Cool, now do something about making them affordable and getting our electricity costs down so you won't have to take out a second mortgage just to charge them every day.

[–] zurohki@aussie.zone 5 points 1 year ago

There's the 38k BYD Dolphin coming in a few months, and wholesale power prices have fallen a lot, which will make it's way to retailers in about a year.

We're getting there.

[–] Zagorath@aussie.zone 4 points 1 year ago

In Queensland you can get a $6,000 rebate on an EV that cost under $68,000. That's a pretty substantial "something about making them affordable". Electricity costs are too high and the Government should try to address it, but doing so is not an essential part of making EVs affordable, because even with current electricity costs, the operating costs of an EV are something like half those of an ICE vehicle.

Electricity costs are more of a concern when it comes to heating and cooling homes.

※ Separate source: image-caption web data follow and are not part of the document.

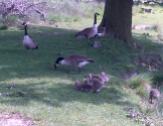 Several families of Canada Geese at the lower Lake of Hardwick Hall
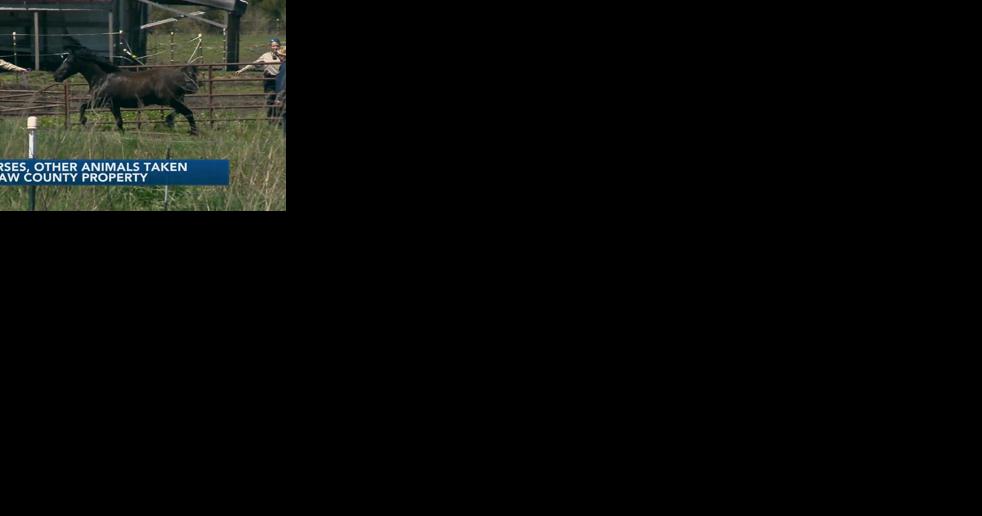 Several horses, other animals seized from Saginaw County property - Vimarsana News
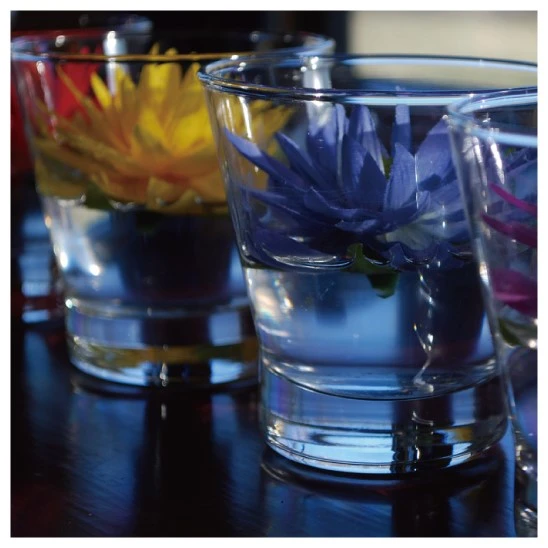 KakaoTalk_20160530_101719344.jpg?type=w1200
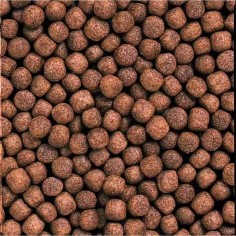 Hikari Cichlid Bio-Gold Plus Medium Pellet 250gr 2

Of course, even more than EV rebates, the Government would benefit people a fuckload if they subsidised electric bikes (including cargo bikes) and building excellent bike paths. It would cost them a lot less than subsidising EVs, and have much more return.

[–] blackrox1411@lemmy.world 8 points 1 year ago

Great to see, ruining so many weekends...

[–] Designate6361@lemmy.letthewookiee.win -2 points 1 year ago (2 children)

Be nice if this was a viable option in Rural Area's

[–] zurohki@aussie.zone 5 points 1 year ago (2 children)

The fact that modern EVs have 400+ km range instead of 160km helps, but charging networks still have some big gaps that need filled in.

Though it's possible to drive from Cairns in QLD to Adelaide now using fast chargers, even in a non-Tesla, so progress is being made.

the charging is the big issue, near no where to charge cars (unless you work for the city council then you have charging available ....... funny that).

Prices are still way to high, we want to replace one of our cars with an EV but by the timer we get a charger setup and buy the actual car we could buy EC cars multiple times over.

[–] 50MYT@lemmy.world 1 points 1 year ago

Yep.

I drove a non Tesla EV from Cairns to Sydney over a few days. It was pretty easy.

The car planned the journey out for me. This included what chargers to use (which plug etc), how congested they were, rate of charge, cost etc.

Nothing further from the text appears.